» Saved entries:
:::::

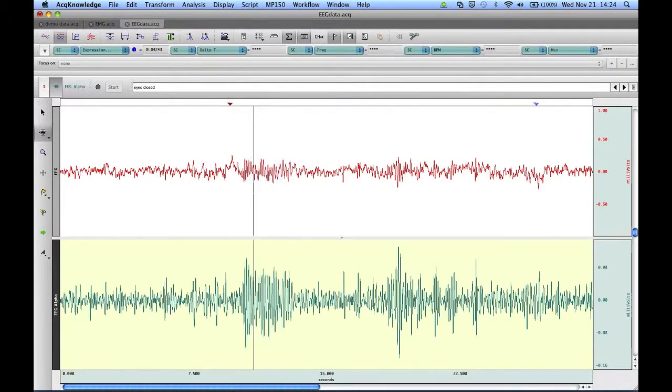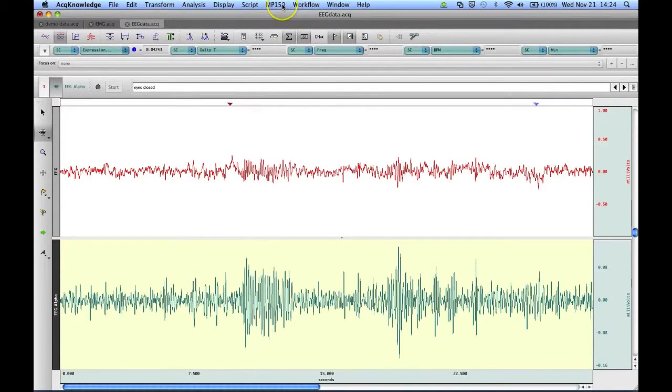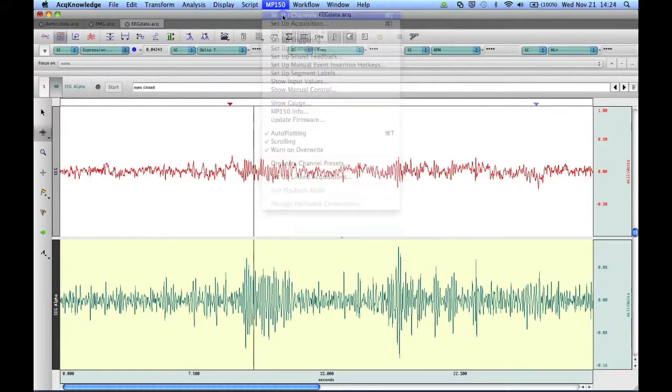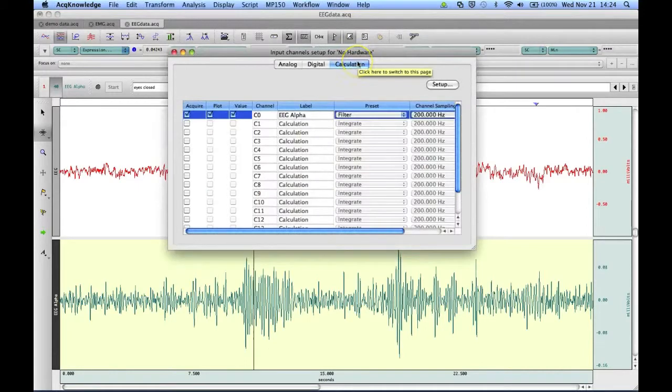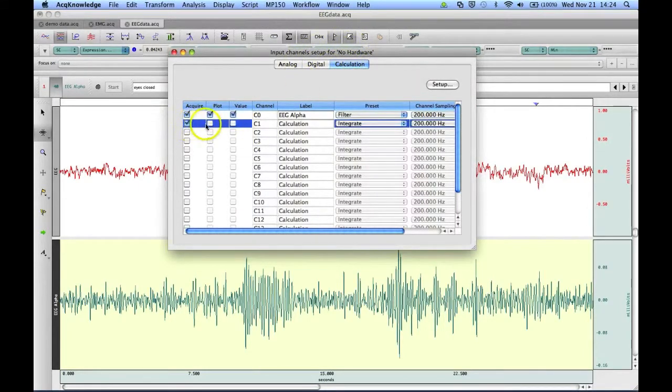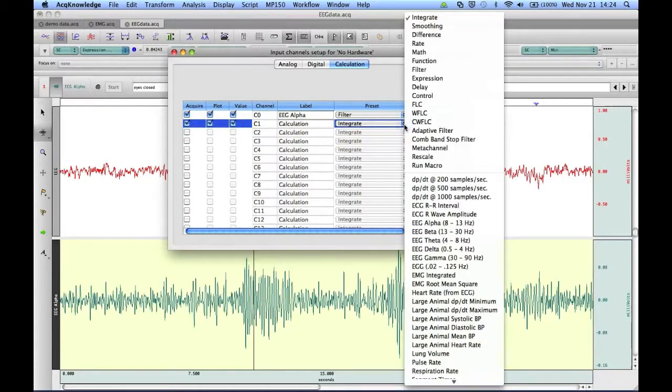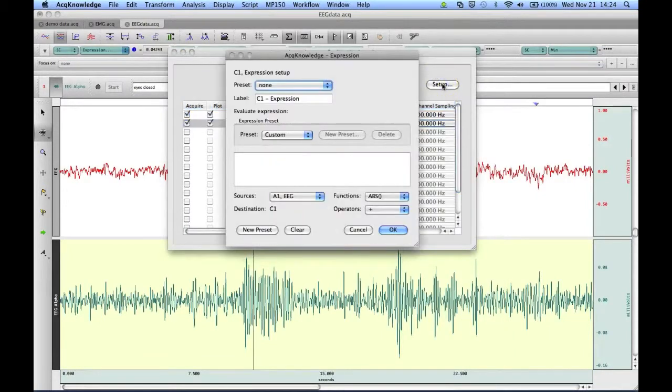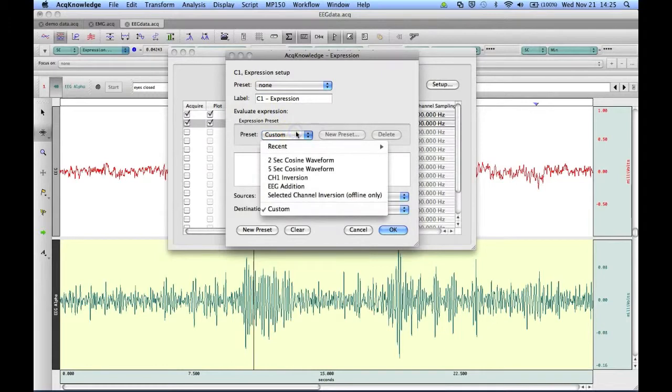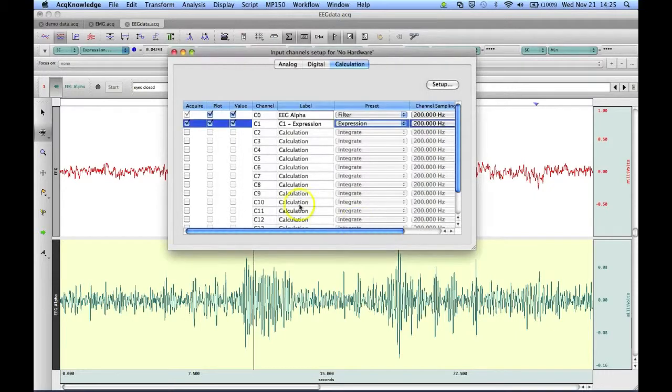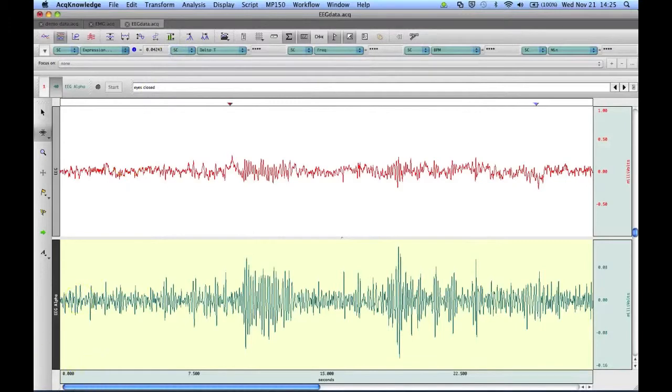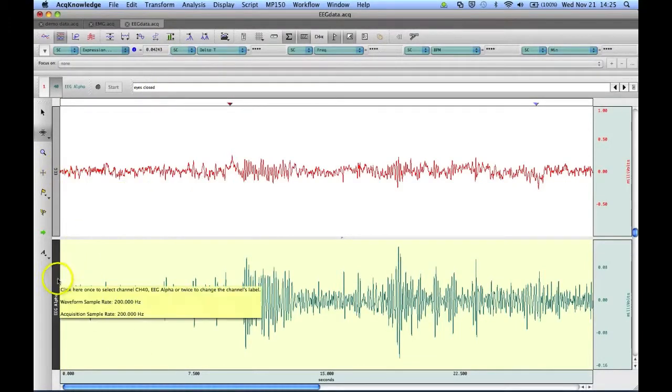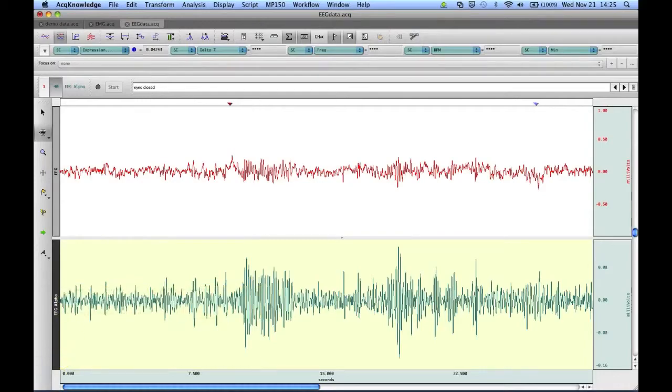One more place that we can use our Expression preset is as an online calculation channel. To do this, we go to the MP150 menu, select Setup Channels, and in the Calculation tab, we can turn on a calculation channel, go here to Expression, select Setup, and we can go here to our preset, and select EEG edition, and click on OK. And now if we were to start recording new data, we would have a third channel shown on our display that would be the sum of this channel plus this channel in real time.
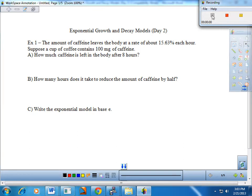Welcome. The title of today's notes worksheet is Exponential Growth and Decay Models Day 2. This is just one last chance for us to look at some great applications dealing with exponential growth and decay, and we'll take a look at some different variations. Let's get started with example one at the top of your paper.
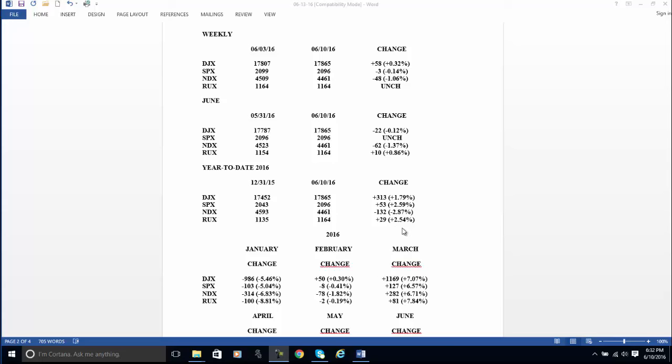Or cut your size way back because we are entering what I would call the summertime blues. So that's about all I have. Like I said, it's my job to have a view. I think they lean on the indexes early in the week and then you buy them. That's all.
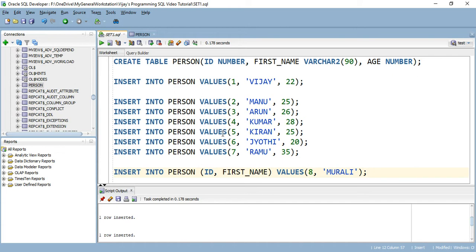Using the data we have specified and the values we have supplied, the database will be creating a record for the person table. To execute this query, go to the end of the query and just press Ctrl plus Enter.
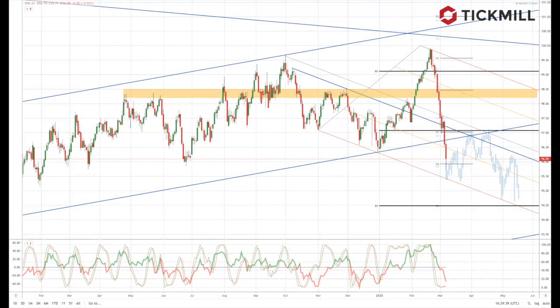Welcome to Tickmill Weekly Market Outlook for the week commencing the 9th of March, with me Patrick Mullery.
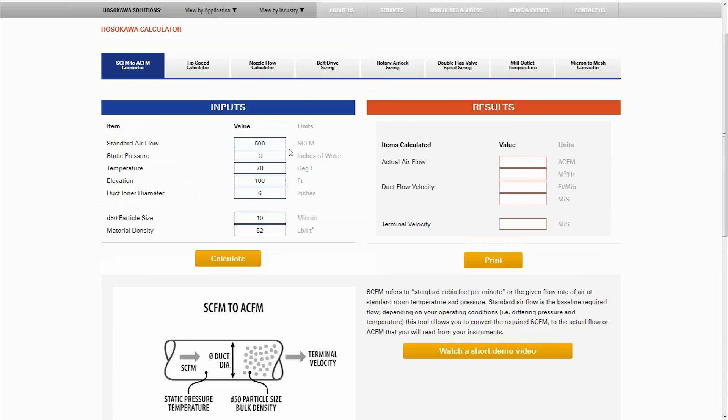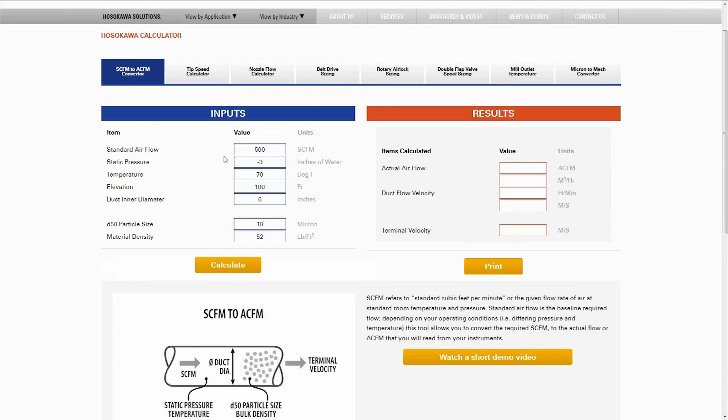In this example, I'll walk you through the basic inputs. We have our flow specified here, the static pressure—in this case negative three inches—seven degrees Fahrenheit temperature of the air coming in.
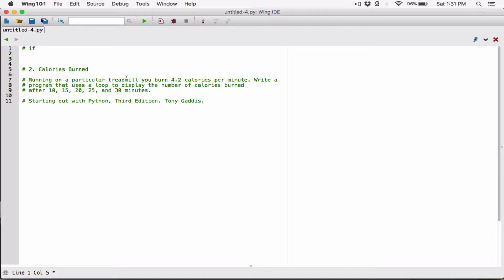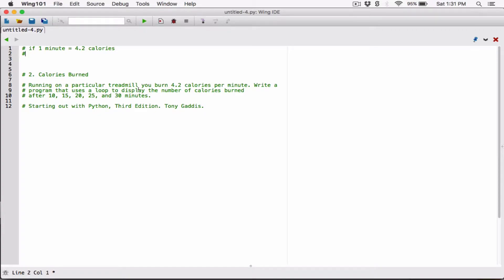If one minute equals 4.2 calories, then we need to figure out how many calories are burned for each given number of minutes. It's straightforward — all we have to do is multiply the number of calories per minute by the number of minutes. So if one minute gives us 4.2 calories, then two minutes gives us 2 times 4.2 calories.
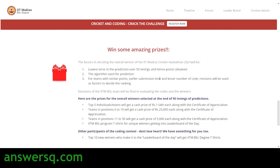That's the content for this video. IIT Madras is conducting a cricket hackathon — 'Cricket and Coding: Crack the Challenge' — where you can participate and win exciting cash prizes and goodies. I hope you found this video useful. For more updates about free online courses, job updates, internships, and online events, subscribe to Ansesq and press the bell icon. You can also connect on social media channels like Telegram, Instagram, and Facebook — links are in the description.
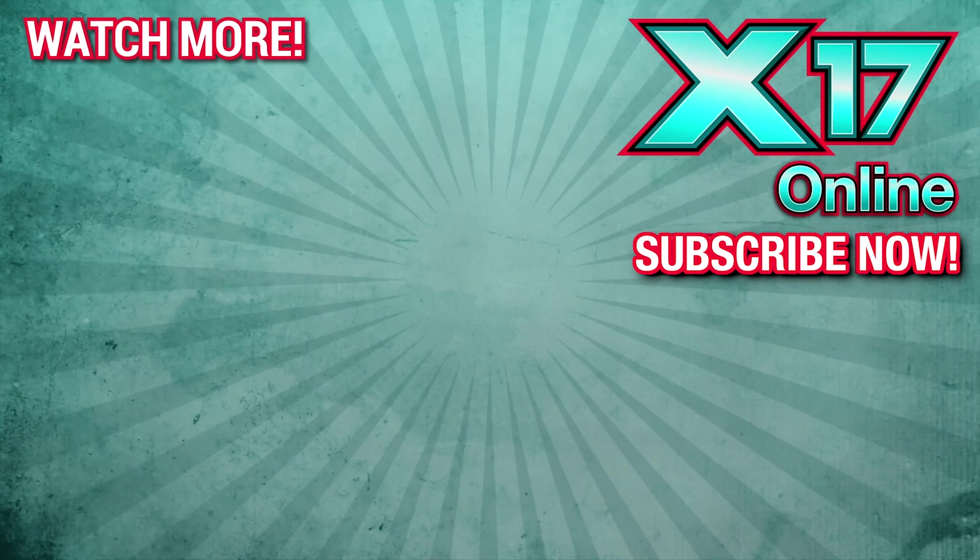Thank you so much, we appreciate you. Whoopi, any comments about Trump? Any comments for the public?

:::::

» WHAT IS NEEDED:
Using the records above, return word for word the lines that begin at the one containing "Welcome. The title" and end at the one containing "Or cut your", both of them included and no pictures.

» WRITTEN REPLY:
Welcome. The title of today's notes worksheet is Exponential Growth and Decay Models Day 2. This is just one last chance for us to look at some great applications dealing with exponential growth and decay, and we'll take a look at some different variations. Let's get started with example one at the top of your paper.
Or cut your size way back because we are entering what I would call the summertime blues. So that's about all I have. Like I said, it's my job to have a view. I think they lean on the indexes early in the week and then you buy them. That's all.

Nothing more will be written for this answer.